Sonny & The Sunsets
Tomorrow Is Alright
Fat Possum
It’s an open road, in the middle of America. A beat up camper, or maybe a VW bus, hurtles past the trees and corn fields housing a band that has no use for modern concepts like cell phones, iPods, or Facebook. They listen to The Velvet Underground, The Beach Boys, Leonard Cohen, or Simon & Garfunkel – depending on who’s got control of the cassette deck.
At least that’s how I’d like to imagine Sonny & The Sunsets.
The debut album of this California quartet sounds refreshingly not of this era. Sure, you can hear a bit of The Avett Brothers or Jenny Lewis caught up in the air that surrounds this collection of lazy day beach songs, but I choose not to dwell on those comparisons. I’d like to imagine that Tomorrow Is Alright is a newly unearthed gem that I just dug out of my parent’s old box of records.

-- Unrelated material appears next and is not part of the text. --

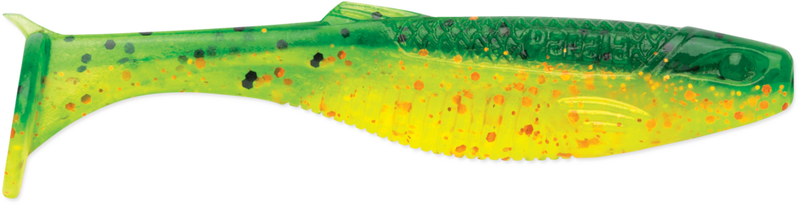 Load image into Gallery viewer, Rapala Mayor (CrushCity™)
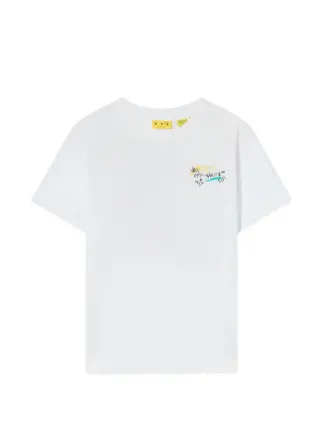 Off-White Kids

Sung in a lighter Lou Reed matter-of-fact manner, Sonny Smith proves capable of sunny pop (“Too Young to Burn,” “Chapters”), beautifully morose sentiments (“Death Cream”), playful duets (“Planet of Women”), Americana tunes that would not have sounded out of place being sung by Johnny Cash (“Stranded”), and songs that manage to overlap just about all of those elements into one (“Bad Vibes & Evil Thoughts”) without sounding disjointed.
On a whole, the album sounds like the last day of summer and all of the complicated emotions that come along with it.